**Task objective**
Copy out each line of the data that holds the string "with".

===== Data for analysis =====

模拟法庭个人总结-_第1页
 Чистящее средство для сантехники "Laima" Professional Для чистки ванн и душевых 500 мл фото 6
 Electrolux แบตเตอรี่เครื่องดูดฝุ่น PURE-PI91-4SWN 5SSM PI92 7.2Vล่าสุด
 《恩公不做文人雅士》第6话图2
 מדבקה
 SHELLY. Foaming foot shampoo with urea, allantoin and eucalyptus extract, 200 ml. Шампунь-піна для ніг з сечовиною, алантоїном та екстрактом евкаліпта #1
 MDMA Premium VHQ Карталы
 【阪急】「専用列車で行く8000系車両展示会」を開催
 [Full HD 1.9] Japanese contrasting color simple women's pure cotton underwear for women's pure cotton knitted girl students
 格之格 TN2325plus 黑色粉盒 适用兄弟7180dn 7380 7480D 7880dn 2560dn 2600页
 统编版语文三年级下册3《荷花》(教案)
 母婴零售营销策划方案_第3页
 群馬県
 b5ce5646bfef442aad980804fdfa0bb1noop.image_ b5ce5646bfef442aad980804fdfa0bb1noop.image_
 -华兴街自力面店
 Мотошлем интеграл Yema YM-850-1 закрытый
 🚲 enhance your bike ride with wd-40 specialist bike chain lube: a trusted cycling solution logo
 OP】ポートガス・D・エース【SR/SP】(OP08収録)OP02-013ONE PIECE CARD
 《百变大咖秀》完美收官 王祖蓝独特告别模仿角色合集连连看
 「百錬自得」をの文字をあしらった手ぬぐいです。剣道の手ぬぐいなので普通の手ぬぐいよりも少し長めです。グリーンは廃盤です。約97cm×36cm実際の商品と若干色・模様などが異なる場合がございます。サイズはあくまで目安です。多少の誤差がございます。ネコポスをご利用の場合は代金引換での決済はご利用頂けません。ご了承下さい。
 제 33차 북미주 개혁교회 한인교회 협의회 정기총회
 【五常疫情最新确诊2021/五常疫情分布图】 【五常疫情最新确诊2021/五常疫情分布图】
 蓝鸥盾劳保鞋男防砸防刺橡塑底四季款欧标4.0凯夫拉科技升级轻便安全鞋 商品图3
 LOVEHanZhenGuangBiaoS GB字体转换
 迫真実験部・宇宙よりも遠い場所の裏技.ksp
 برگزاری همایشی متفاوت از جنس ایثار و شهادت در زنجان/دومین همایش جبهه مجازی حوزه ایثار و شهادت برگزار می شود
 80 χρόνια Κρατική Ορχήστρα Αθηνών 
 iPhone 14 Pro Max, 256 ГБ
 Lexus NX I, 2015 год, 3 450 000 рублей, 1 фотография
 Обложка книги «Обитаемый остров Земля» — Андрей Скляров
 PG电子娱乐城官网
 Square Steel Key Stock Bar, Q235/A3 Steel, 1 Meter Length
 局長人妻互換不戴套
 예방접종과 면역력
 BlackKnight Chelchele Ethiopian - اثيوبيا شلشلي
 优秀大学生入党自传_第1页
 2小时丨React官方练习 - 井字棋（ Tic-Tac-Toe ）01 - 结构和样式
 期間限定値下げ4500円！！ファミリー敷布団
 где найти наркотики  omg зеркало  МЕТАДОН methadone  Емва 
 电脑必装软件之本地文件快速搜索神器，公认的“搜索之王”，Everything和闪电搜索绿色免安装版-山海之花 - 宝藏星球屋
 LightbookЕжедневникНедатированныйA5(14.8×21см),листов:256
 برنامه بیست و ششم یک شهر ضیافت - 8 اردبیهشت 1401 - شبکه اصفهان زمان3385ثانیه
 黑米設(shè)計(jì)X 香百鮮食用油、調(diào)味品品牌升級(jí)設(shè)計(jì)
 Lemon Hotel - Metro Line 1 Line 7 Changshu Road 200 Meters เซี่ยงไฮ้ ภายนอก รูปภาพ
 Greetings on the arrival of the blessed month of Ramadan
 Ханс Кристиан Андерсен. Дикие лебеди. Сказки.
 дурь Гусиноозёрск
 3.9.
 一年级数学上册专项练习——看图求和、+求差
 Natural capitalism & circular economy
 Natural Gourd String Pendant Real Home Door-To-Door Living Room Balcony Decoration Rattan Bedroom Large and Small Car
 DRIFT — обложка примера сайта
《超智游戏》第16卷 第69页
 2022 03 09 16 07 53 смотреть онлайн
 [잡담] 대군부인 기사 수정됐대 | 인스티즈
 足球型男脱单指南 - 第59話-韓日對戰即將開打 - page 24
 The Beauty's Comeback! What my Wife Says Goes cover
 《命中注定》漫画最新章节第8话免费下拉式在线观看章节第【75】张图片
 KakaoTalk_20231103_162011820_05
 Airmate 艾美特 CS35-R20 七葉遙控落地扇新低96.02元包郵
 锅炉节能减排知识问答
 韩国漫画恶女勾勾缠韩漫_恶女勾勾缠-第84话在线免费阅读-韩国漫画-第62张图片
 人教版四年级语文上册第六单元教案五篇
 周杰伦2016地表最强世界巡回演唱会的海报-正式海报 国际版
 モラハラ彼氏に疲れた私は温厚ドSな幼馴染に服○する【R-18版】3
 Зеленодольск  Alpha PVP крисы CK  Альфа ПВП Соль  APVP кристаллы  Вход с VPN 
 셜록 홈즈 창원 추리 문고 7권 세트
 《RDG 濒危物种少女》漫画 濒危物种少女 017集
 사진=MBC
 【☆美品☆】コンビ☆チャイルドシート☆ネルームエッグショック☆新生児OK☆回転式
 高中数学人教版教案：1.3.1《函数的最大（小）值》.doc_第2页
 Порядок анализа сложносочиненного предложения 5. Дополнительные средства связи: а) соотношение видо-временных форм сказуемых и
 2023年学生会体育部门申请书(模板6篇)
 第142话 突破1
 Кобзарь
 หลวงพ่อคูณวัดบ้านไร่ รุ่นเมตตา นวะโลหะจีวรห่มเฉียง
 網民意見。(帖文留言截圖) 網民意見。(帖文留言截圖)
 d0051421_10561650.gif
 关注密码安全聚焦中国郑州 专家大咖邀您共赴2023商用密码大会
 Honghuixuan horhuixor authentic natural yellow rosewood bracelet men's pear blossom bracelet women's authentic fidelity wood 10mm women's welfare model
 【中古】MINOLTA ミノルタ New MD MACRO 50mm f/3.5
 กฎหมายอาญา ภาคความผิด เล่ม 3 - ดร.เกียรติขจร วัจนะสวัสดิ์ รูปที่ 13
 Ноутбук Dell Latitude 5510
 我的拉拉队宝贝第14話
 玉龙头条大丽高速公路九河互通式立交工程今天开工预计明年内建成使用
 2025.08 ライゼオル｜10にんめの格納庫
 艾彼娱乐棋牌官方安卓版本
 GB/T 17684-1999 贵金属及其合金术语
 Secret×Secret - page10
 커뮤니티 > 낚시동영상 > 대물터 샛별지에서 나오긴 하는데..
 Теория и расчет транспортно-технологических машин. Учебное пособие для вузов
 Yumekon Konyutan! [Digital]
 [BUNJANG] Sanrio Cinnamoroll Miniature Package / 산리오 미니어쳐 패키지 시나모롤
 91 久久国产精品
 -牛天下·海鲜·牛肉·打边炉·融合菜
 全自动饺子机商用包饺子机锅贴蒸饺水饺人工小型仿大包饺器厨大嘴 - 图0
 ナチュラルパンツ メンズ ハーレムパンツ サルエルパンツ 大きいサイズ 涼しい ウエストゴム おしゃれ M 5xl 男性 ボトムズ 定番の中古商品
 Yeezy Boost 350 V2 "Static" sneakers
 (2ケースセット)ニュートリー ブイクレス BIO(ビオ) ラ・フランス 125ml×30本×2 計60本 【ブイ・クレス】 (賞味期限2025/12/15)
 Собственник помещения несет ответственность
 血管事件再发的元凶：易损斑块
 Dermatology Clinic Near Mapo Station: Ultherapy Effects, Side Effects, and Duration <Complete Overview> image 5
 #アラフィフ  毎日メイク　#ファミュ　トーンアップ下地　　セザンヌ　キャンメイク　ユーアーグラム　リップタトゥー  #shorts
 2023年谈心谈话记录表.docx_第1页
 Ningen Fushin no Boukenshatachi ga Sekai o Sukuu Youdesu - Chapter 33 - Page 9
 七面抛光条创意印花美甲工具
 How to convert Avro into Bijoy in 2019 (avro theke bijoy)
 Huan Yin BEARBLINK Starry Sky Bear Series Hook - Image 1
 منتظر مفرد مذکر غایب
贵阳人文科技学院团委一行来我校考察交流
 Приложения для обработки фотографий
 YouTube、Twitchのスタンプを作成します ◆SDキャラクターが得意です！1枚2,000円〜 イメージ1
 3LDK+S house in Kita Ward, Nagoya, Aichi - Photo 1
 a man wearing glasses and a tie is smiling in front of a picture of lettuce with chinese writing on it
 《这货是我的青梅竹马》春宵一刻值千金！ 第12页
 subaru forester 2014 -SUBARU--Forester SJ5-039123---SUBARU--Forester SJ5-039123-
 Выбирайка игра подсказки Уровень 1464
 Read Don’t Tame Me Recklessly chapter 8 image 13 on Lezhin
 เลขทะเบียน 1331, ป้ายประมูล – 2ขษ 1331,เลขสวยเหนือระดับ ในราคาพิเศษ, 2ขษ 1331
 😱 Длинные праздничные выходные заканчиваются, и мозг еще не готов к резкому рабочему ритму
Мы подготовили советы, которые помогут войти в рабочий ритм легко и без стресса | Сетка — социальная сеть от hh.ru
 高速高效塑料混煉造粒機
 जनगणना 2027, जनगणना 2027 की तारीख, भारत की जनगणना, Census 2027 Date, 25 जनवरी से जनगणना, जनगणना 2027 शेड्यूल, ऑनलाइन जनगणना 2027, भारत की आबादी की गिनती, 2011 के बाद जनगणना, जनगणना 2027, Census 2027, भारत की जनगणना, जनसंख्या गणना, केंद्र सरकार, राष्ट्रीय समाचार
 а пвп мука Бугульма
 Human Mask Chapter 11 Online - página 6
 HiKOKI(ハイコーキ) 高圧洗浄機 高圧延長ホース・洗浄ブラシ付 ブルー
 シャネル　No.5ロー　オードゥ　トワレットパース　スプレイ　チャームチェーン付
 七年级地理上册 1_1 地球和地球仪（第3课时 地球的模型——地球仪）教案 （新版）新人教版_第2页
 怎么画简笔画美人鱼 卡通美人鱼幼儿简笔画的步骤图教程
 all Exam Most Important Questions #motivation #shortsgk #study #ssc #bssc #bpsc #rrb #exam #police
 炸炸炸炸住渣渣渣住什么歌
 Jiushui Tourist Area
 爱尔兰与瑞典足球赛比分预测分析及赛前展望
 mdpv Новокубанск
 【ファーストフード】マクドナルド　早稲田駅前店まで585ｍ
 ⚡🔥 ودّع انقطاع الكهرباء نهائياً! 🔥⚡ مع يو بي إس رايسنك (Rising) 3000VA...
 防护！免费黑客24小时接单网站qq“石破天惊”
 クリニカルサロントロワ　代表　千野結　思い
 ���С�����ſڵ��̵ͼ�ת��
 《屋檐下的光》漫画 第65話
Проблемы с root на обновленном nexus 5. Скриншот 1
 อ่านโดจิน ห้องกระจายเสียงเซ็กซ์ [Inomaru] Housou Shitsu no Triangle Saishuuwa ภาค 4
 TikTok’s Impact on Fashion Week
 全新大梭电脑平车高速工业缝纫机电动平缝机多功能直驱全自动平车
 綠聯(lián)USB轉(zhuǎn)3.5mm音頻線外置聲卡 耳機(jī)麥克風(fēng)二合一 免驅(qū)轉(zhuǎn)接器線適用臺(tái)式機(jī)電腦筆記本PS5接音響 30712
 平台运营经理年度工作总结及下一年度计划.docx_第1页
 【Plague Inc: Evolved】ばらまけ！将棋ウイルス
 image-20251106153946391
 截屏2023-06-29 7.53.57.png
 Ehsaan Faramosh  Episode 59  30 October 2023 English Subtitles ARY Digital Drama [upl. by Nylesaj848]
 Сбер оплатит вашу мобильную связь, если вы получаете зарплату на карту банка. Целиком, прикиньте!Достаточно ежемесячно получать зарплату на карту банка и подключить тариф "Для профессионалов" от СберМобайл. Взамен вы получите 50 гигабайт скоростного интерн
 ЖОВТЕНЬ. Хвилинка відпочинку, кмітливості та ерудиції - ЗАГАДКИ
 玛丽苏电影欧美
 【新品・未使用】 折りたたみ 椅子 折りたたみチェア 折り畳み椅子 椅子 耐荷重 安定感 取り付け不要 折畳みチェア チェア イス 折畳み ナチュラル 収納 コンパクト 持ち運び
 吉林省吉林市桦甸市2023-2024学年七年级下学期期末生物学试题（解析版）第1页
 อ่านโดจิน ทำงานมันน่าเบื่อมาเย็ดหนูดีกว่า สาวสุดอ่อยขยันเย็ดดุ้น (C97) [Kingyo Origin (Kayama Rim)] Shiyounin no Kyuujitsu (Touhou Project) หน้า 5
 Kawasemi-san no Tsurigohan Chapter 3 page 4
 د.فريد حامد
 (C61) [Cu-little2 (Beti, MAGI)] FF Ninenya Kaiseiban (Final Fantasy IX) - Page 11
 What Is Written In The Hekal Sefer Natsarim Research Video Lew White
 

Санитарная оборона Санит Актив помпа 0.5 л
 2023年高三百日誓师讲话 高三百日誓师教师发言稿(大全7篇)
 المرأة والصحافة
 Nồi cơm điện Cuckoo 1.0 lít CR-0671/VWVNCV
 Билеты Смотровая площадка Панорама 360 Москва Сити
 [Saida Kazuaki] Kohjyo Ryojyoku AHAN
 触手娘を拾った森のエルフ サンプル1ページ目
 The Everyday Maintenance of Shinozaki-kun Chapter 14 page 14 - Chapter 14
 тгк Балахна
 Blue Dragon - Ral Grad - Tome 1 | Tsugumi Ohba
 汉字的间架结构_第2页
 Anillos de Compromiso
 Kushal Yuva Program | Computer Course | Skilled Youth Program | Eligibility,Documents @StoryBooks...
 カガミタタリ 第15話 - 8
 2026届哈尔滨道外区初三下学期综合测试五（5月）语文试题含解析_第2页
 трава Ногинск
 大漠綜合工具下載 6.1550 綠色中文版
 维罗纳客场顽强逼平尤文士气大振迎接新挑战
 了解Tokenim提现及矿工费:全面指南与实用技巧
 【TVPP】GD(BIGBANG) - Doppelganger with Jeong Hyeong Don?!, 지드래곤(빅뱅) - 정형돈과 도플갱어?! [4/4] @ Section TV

=====

**Result of this exercise**
 SHELLY. Foaming foot shampoo with urea, allantoin and eucalyptus extract, 200 ml. Шампунь-піна для ніг з сечовиною, алантоїном та екстрактом евкаліпта #1
 🚲 enhance your bike ride with wd-40 specialist bike chain lube: a trusted cycling solution logo
 a man wearing glasses and a tie is smiling in front of a picture of lettuce with chinese writing on it
 【TVPP】GD(BIGBANG) - Doppelganger with Jeong Hyeong Don?!, 지드래곤(빅뱅) - 정형돈과 도플갱어?! [4/4] @ Section TV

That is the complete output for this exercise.